As for a /64 address (which is actually /48 if you take out the first 16 bits) i'm very much afraid this will become the IPv6 address format of choice, and then... welcome back to the world of [PIv6] NATs nightmare (and say goodbye to any hope one might have had that the internet will be P2P again as it was first meant to be). And goodbye P2P means goodbye internet (as you'll always need a handshaking server to connect to someone, no two people on earth will be able to talk to each other without a man in the middle - which is pretty much the case today btw)

posted by : Gyll, 04 December 2011 Complain about this comment
25% reachable

25% of top level .net, .org, and .com sites are now IPv6 reachable.

How is YOUR site doing?

Tell your ISP to pull the switch!

posted by : JMV2009, 03 December 2011 Complain about this comment
number addresses

Every user will get a 48 bit address(/48), but actually more likely a /56 . A /64 bit address only works with IPv6 autoconfiguration if you have only one subnet at (meaning no private, public, kids, insecure and/or secure subnets).

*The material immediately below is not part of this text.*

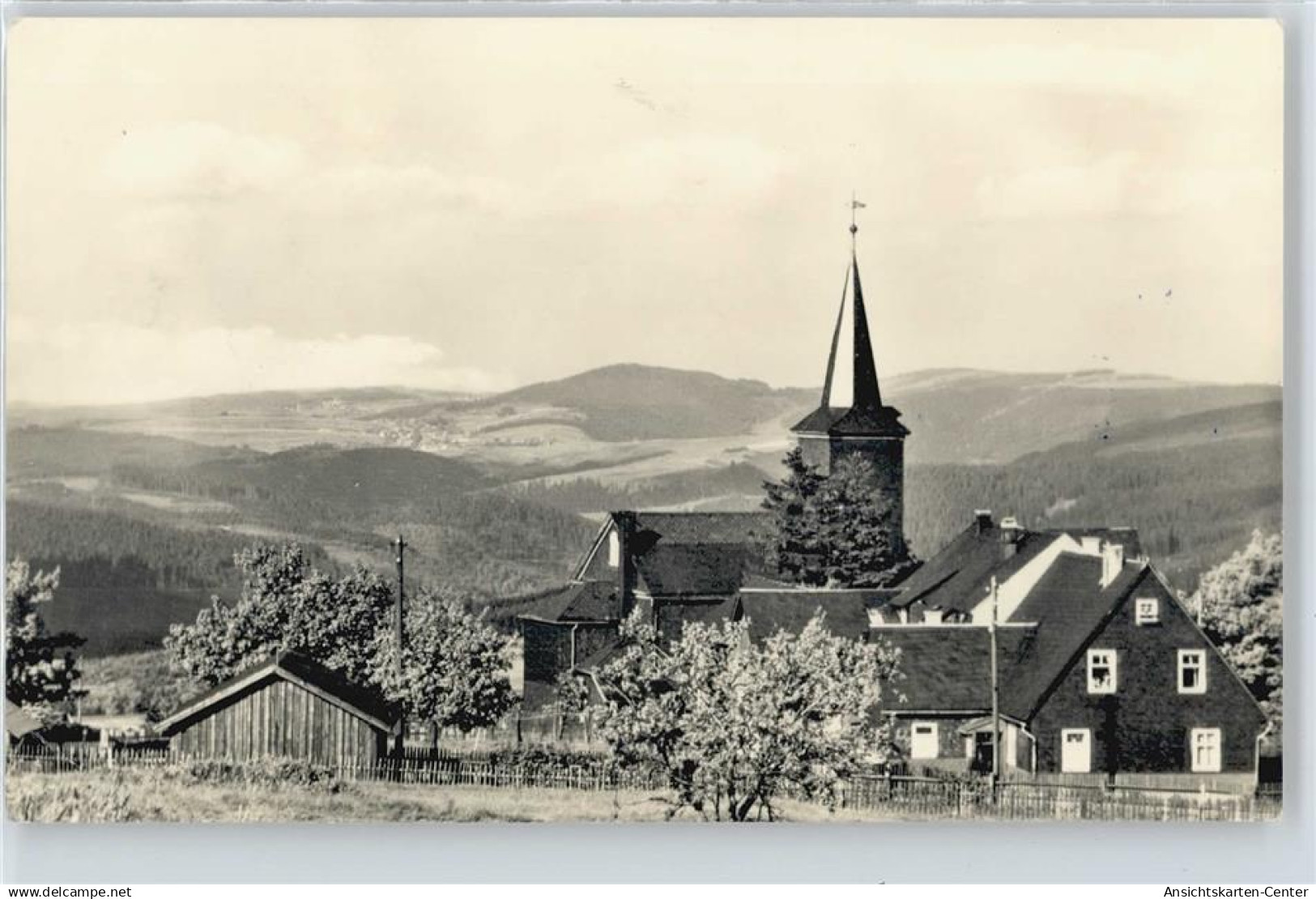 50382334 - Masserberg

posted by : JMV2009, 03 December 2011 Complain about this comment
IPv6 gateway addresses are 48 bits, not 128

I hear this bull over and over again: trillions of trillions etc of addresses. IPv6 in fact extends the *per-user* (i.e. per-gateway) address space from 32 bits to 48 bits (and makes *some provisions* for extending it to almost 64 bits, but actually using the full 64-bit address space would involve some nasty tricks). 48 bits is definitely way better than 32, but that's about it.

posted by : Gyll, 02 December 2011 Complain about this comment
Blah blah blah

How many years (a decade?) has this babble been repeated? All this doom and gloom and yet, if it were a real issue, most of us would be on IPv6 already.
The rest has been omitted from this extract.